Het boek Nur Deutschland kan den Euro retten laat een andere stem horen. Auteurs zijn de linkse economen Heiner Flassbeck en Costas Lapavitsas. Zij stellen dat Duitsland door zijn beleid van loonmatiging de hoofdverantwoordelijke is voor de eurocrisis. Loonmatiging en zelfs loondalingen hebben de Duitse exportmarkten een enorme impuls gegeven, maar hebben ook voor een groot onevenwicht in de eurozone gezorgd. De Zuid-Europese producten werden door de Duitse uit de markt geprijsd.

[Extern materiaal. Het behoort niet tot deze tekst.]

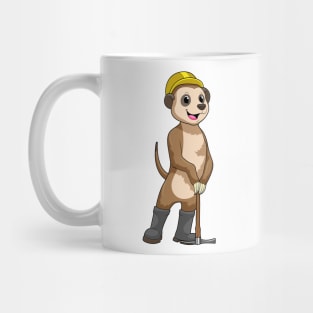 Meerkat as Miner with Pickaxe Mug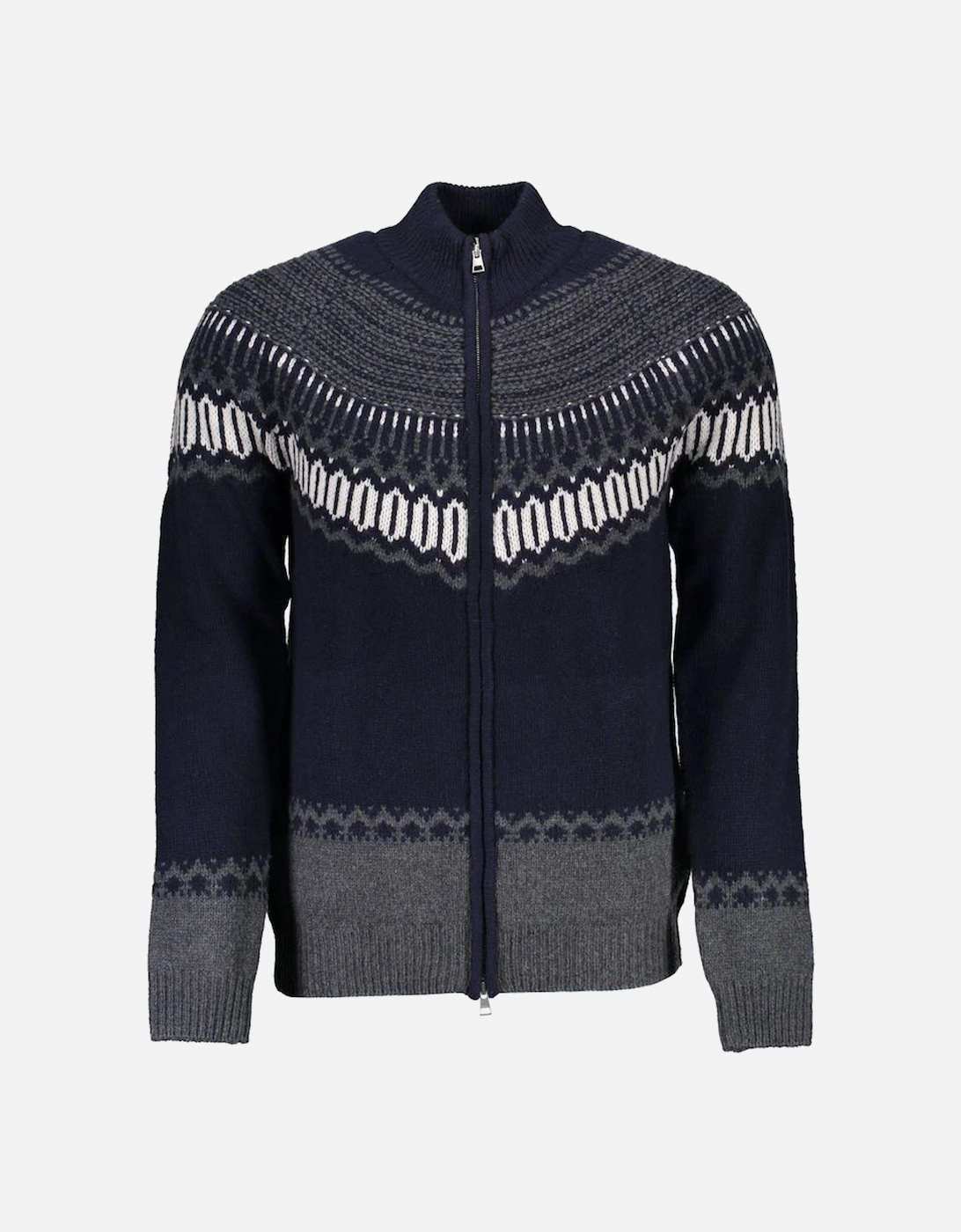 Fair Isle Zip Cardigan, 3 of 2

Volgens Flassbeck en Lapavitsas hebben de Duitsers de fout gemaakt de loonevolutie niet te koppelen aan de productiviteitsgroei. Dat veroorzaakt altijd grote economische problemen, stellen ze.

Eigenlijk heeft Duitsland de kosten voor het herstel van zijn concurrentievermogen — een operatie ingezet op het moment dat de euro in de steigers stond — afgewenteld op Zuid-Europa. Nu moet Duitsland het geweer van schouder veranderen en kiezen voor het stimuleren van de interne vraag via hogere lonen. Zo wordt het onevenwicht hersteld en kan Duitsland de muntunie redden.

Er valt op het eerste gezicht wel wat te zeggen voor de analyse van Flassbeck en Lapavitsas, maar wat ze in het boek niet vermelden is dat Duitsland al een paar jaar gekozen heeft voor loonstijgingen die zelfs boven de inflatie uitkomen. Ondanks dit bijgestuurde beleid is de concurrentiepositie van EU-lidstaten zoals Griekenland en Italië amper verbeterd. Enkel Spanje doet het wat beter, maar dat is vooral het gevolg van de interne devaluatie die de Spanjaarden via loonmatiging hebben doorgevoerd, net zoals Duitsland meer dan tien jaar geleden.

Flassbeck en Lapavitsas zijn ook tegenstanders van de besparingspolitiek. Ze bepleiten een stimuleringsbeleid waarbij de Zuid-Europese landen hun overheidstekorten niet direct moeten afbouwen. In Duitsland geldt dat als een vloek, maar Flassbeck is met zijn standpunt gewoon trouw aan zijn aloude economische principes. Eind jaren negentig was hij een medewerker van de sociaaldemocratische minister van Financiën Oskar Lafontaine. Lafontaine pleitte in de regering-Schröder voor een neokeynesiaans stimuleringsbeleid, maar kreeg nul op het rekest. Hij nam ontslag en Flassbeck volgde hem.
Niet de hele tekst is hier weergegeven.